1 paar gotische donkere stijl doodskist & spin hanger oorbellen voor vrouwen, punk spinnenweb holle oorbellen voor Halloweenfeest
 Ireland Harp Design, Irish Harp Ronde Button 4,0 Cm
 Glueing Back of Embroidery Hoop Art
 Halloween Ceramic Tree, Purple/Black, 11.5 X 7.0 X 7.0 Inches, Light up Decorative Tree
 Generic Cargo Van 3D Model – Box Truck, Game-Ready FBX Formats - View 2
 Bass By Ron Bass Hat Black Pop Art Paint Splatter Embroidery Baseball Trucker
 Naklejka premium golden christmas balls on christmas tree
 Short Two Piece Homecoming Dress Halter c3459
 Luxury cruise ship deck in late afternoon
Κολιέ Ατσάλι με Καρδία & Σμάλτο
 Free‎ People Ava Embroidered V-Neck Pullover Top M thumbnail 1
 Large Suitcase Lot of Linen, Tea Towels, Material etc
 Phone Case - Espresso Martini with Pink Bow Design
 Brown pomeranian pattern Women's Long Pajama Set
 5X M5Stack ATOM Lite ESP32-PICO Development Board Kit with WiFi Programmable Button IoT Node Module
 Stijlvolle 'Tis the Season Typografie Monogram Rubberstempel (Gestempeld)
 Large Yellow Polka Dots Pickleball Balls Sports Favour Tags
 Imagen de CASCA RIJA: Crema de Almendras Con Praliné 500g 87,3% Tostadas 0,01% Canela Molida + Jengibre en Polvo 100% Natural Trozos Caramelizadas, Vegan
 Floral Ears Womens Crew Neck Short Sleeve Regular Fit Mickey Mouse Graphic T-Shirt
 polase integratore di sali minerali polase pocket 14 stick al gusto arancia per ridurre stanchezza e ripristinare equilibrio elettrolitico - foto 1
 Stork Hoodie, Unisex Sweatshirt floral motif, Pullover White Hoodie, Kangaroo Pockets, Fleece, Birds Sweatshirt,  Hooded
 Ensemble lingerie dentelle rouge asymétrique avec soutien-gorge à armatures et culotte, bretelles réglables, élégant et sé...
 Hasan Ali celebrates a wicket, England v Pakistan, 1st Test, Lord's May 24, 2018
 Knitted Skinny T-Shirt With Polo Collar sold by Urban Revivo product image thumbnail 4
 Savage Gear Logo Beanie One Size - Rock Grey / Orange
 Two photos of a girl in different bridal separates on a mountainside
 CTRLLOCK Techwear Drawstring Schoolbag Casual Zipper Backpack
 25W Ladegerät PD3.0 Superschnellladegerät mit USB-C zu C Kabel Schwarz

● Task instructions:
The required answer is the run of lines above, starting at the line with "5X M5Stack ATOM" and ending at the line with "Hasan Ali celebrates", reproduced exactly with both ends.

● Solution for this exercise:
 5X M5Stack ATOM Lite ESP32-PICO Development Board Kit with WiFi Programmable Button IoT Node Module
 Stijlvolle 'Tis the Season Typografie Monogram Rubberstempel (Gestempeld)
 Large Yellow Polka Dots Pickleball Balls Sports Favour Tags
 Imagen de CASCA RIJA: Crema de Almendras Con Praliné 500g 87,3% Tostadas 0,01% Canela Molida + Jengibre en Polvo 100% Natural Trozos Caramelizadas, Vegan
 Floral Ears Womens Crew Neck Short Sleeve Regular Fit Mickey Mouse Graphic T-Shirt
 polase integratore di sali minerali polase pocket 14 stick al gusto arancia per ridurre stanchezza e ripristinare equilibrio elettrolitico - foto 1
 Stork Hoodie, Unisex Sweatshirt floral motif, Pullover White Hoodie, Kangaroo Pockets, Fleece, Birds Sweatshirt,  Hooded
 Ensemble lingerie dentelle rouge asymétrique avec soutien-gorge à armatures et culotte, bretelles réglables, élégant et sé...
 Hasan Ali celebrates a wicket, England v Pakistan, 1st Test, Lord's May 24, 2018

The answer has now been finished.